那個山洞,他之前聽家裏的老人說過,每次隻能去一人,且危險的很,一個武藝高強的人進了哪裏都會受很重的傷,更何況是一個手無寸鐵的弱女子。
“是的,這事就不老各位費心了,也是我們太過心高氣傲,低估了敵人的能力。”石錦雲低着頭說。
金聚寶嘴角搶扯出一抹笑道:“就是,我們堂堂男子漢,怎麽能讓一個弱女子去爲我們冒險呢。”

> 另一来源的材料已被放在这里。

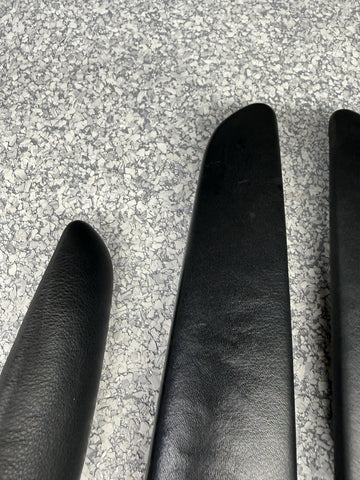01-06 BMW E46 M3 Convertible Door Upper Arm Rest Armrest Pads Black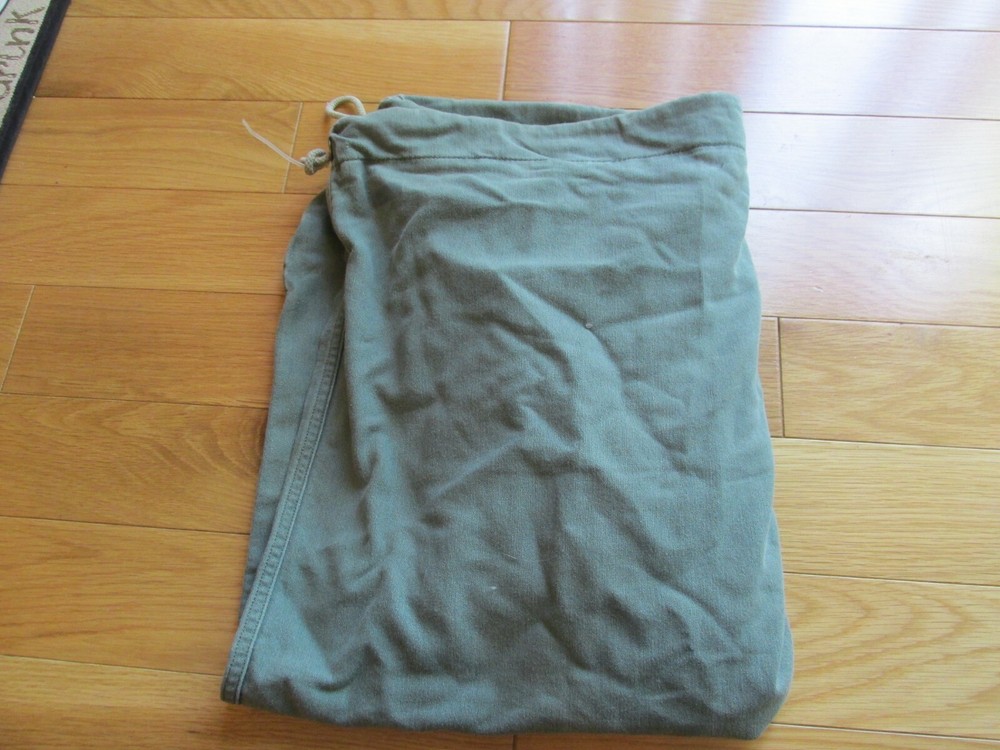 USGI US MILITARY BARRACKS CLOTH LAUNDRY BAG STUFF SACK OLIVE DRAB DRAW STRING!!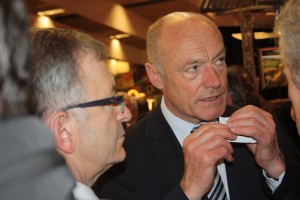 Alain Rousset, président de l'ARF et François Bonneau (archives).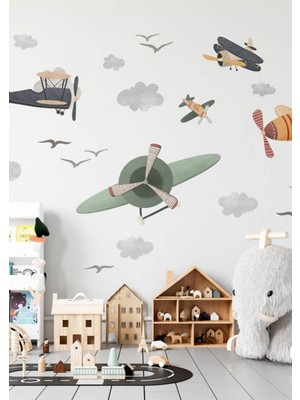 Wallhuman Gökyüzü Gözetimi Çocuk Odası Duvar Stickerı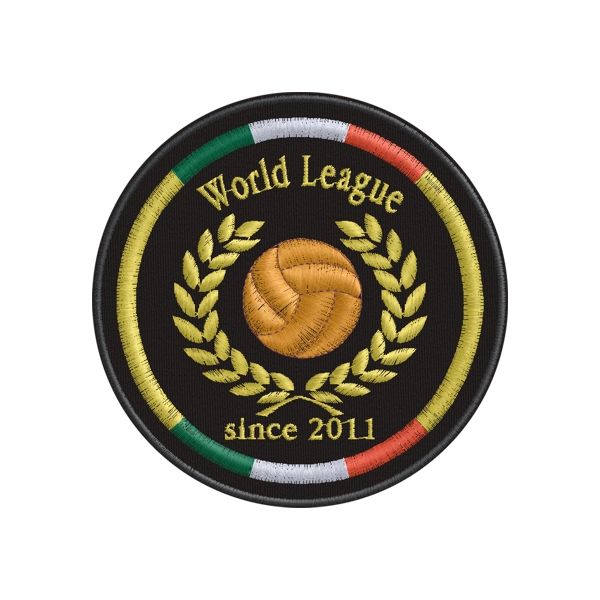 Patch Ricamato e bordo esternoBASKET WorldLeague Cod.20120504_B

三人說完,木小初先是用着一副很不解都沒歐陽看着他們三人,而後對大長老道:“大長老,事情真像你說的那麽簡單?”
大長老點頭,“是的,就這麽簡單。”
木小初,“既然這麽簡單,那還等什麽,我現在就去。”說着就要走。
“既然家主已經同意,那我就再說另一件事。”
木小初停了腳步,問,“還有什麽事?”
大長老笑道:“也不算什麽大事,隻是需要家主也用那個杯子喝一杯那裏的水就可,哦,對了,攝政王若是也想的話,喝點也無妨。”
“大長老,你爲何?”金聚寶震驚的看着大長老。
似乎是不懂爲何讓爲了他們讓他們的家主深陷危險中。
不過大長老沒給他們回答。
木小初在大長老說完就和祁子衍一同離開。
見大長老沒給回答,金聚寶問要走的祁子衍,“不知攝政王在想什麽,當真願意爲了我們幾個陌生人讓身邊之人陷入危險中?”
雖然他也有私心,可心裏還是會愧疚。
祁子衍眼底一閃而過的嘲諷,随後語氣冰冷道:“既知道危險,就該知道日後如何做。”
說完頭也不回的離開了。
隻留下呆愣的三人。
最後大長老将三人安置在一個小廂房裏休息。
金聚寶無力道::“我們還真是沒用,居然讓一個弱女子爲我們涉險取解藥。”
其餘倆人也是同樣的感覺。
可他們全然忘記了,大長老最後說的那句話。
木小初也是要喝的。
不過就算知道了,也會下意識的忽略,畢竟那不是什麽大事。
而他們也不知道木小初是可以安然進到那裏。
他們隻在心裏想着:日後定把木小初當成自己人,好好照顧着,以報今日之恩。
而另一邊坐在馬車前往山洞的木小初和祁子衍。
木小初撇撇嘴道:“衍,你說他們三人是不是太愛小題大做了,又不是什麽危險的事,幹嘛非得一副那麽吃驚的模樣。”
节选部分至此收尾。